Task instructions: Locate each line below that includes "Gold" and reproduce it.

Available data:
--------

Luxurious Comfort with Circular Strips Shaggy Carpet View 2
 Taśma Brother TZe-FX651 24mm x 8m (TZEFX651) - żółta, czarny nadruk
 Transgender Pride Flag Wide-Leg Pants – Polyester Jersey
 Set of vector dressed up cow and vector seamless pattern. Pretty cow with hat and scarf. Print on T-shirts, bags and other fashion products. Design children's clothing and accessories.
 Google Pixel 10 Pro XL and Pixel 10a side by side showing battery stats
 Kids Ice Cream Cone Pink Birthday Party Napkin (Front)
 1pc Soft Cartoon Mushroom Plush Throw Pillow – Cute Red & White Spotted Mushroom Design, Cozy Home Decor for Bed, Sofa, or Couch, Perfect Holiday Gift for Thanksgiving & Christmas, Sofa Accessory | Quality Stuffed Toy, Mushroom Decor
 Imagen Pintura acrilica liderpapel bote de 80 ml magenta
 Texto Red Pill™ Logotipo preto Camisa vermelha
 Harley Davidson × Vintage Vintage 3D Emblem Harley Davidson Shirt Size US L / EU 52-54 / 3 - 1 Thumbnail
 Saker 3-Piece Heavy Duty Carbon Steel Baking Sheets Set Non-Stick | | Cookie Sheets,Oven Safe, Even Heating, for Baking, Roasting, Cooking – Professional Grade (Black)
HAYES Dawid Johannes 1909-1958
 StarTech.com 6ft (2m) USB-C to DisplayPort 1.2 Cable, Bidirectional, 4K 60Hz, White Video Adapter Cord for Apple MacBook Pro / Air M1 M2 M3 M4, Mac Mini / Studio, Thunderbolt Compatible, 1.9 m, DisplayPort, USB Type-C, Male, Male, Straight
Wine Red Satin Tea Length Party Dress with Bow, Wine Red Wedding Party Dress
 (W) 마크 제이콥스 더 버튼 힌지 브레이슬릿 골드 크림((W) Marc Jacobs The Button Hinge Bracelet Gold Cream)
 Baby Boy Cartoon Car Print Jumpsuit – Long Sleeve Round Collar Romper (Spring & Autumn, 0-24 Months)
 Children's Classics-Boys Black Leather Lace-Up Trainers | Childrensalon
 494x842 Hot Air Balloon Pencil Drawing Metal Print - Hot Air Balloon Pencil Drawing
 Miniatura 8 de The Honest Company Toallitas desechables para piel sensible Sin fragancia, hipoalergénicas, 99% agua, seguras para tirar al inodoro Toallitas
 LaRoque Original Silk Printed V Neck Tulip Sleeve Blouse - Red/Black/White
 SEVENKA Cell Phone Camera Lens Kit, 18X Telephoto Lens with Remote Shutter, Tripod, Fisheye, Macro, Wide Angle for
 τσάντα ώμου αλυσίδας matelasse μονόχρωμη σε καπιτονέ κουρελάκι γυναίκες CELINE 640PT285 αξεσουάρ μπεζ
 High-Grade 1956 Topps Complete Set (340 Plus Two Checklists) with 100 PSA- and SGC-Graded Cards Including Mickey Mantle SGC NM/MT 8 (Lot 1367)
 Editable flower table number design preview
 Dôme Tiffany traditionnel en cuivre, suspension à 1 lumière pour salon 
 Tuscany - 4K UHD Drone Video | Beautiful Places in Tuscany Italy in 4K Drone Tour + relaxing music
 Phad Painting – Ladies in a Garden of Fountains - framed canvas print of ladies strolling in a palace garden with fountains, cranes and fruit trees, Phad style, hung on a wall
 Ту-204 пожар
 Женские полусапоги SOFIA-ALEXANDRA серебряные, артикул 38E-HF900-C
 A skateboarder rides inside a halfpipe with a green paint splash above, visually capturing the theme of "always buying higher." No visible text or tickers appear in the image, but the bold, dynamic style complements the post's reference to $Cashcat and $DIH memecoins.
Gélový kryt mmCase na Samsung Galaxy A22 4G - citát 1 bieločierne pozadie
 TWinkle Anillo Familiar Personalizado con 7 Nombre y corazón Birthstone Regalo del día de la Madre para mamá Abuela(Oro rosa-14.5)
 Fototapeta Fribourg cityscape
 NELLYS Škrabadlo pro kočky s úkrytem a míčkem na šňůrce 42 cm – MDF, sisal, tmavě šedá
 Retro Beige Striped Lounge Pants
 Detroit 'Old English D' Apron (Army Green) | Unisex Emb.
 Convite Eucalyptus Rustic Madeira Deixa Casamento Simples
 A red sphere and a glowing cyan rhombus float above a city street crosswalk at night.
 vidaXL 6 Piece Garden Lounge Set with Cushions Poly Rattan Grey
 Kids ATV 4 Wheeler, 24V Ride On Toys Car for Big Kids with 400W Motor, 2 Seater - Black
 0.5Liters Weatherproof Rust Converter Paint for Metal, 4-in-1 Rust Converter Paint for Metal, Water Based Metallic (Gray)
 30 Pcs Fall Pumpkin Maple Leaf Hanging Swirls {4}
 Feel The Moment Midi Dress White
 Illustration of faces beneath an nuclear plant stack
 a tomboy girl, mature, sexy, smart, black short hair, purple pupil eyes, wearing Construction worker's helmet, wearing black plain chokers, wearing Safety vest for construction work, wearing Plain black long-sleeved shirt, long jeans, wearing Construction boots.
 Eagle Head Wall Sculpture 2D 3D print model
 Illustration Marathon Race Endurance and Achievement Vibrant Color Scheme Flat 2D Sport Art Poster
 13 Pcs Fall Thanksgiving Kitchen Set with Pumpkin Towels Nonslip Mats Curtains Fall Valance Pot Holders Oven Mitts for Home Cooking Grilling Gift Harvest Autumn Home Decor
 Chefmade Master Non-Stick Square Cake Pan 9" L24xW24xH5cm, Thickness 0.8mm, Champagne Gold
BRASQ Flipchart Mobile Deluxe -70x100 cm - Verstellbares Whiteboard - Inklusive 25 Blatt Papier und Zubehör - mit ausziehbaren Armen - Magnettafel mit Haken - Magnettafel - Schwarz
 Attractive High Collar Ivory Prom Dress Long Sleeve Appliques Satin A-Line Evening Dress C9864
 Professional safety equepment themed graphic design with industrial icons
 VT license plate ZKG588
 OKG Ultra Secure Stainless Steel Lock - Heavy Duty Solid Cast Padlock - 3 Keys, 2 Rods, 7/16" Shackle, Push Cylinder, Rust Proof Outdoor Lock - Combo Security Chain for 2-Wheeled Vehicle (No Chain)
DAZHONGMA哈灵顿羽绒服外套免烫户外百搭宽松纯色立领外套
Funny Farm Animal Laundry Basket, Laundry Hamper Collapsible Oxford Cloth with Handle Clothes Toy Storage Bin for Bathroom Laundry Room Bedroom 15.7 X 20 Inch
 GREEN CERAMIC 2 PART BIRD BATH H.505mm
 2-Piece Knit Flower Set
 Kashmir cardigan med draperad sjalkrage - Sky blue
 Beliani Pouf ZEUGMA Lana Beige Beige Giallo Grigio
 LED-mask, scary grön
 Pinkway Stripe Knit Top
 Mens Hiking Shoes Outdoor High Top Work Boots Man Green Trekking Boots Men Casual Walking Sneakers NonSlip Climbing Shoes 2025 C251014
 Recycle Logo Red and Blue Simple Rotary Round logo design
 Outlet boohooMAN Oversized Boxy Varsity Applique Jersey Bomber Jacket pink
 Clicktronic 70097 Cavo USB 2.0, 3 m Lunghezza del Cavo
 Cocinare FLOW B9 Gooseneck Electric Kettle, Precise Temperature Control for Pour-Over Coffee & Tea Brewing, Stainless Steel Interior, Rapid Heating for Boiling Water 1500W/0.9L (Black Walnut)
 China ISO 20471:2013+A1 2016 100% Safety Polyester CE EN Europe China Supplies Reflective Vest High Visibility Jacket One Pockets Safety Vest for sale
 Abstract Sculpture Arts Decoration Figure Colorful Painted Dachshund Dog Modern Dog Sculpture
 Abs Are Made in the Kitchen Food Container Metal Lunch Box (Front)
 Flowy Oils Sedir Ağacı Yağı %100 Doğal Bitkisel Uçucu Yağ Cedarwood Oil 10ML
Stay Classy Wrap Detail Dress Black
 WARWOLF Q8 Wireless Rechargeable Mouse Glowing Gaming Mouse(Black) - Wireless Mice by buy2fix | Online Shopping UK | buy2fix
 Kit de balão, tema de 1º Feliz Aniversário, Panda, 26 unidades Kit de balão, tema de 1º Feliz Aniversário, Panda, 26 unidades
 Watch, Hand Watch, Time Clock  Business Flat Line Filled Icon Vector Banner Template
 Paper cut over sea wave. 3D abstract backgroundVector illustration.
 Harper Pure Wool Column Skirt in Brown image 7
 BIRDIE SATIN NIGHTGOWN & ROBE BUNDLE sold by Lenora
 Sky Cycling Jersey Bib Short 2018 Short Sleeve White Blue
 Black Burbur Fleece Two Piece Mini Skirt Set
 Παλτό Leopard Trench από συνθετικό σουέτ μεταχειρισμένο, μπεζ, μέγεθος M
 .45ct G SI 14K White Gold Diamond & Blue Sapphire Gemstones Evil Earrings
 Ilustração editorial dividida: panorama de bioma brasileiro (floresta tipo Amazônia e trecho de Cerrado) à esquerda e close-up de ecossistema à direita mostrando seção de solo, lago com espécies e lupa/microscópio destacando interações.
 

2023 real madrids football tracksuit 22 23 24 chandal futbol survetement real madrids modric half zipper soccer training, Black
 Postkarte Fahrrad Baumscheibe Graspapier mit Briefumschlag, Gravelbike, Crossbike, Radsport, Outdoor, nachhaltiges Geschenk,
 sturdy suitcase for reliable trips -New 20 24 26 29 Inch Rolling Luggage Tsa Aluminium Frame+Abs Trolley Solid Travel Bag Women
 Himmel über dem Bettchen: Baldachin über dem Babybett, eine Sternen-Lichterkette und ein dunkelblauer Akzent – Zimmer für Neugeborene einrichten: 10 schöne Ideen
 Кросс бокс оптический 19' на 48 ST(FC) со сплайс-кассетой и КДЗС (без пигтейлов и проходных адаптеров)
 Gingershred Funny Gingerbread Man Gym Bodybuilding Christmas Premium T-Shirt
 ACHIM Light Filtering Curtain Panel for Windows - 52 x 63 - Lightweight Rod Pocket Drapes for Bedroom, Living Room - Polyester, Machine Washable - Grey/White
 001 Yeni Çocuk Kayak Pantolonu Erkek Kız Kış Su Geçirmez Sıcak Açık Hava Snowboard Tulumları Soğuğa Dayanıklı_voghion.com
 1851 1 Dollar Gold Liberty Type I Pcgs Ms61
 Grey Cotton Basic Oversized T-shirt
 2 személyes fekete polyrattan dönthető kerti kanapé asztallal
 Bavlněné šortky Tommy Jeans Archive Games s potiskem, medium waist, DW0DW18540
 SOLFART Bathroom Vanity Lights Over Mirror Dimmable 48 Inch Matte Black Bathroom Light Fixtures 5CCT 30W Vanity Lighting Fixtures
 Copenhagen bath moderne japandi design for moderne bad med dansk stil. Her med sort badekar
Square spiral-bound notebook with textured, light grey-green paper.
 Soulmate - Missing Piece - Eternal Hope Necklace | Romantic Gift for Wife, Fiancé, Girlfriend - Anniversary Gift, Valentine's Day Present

--------

Your response:
 (W) 마크 제이콥스 더 버튼 힌지 브레이슬릿 골드 크림((W) Marc Jacobs The Button Hinge Bracelet Gold Cream)
 Chefmade Master Non-Stick Square Cake Pan 9" L24xW24xH5cm, Thickness 0.8mm, Champagne Gold
 .45ct G SI 14K White Gold Diamond & Blue Sapphire Gemstones Evil Earrings
 1851 1 Dollar Gold Liberty Type I Pcgs Ms61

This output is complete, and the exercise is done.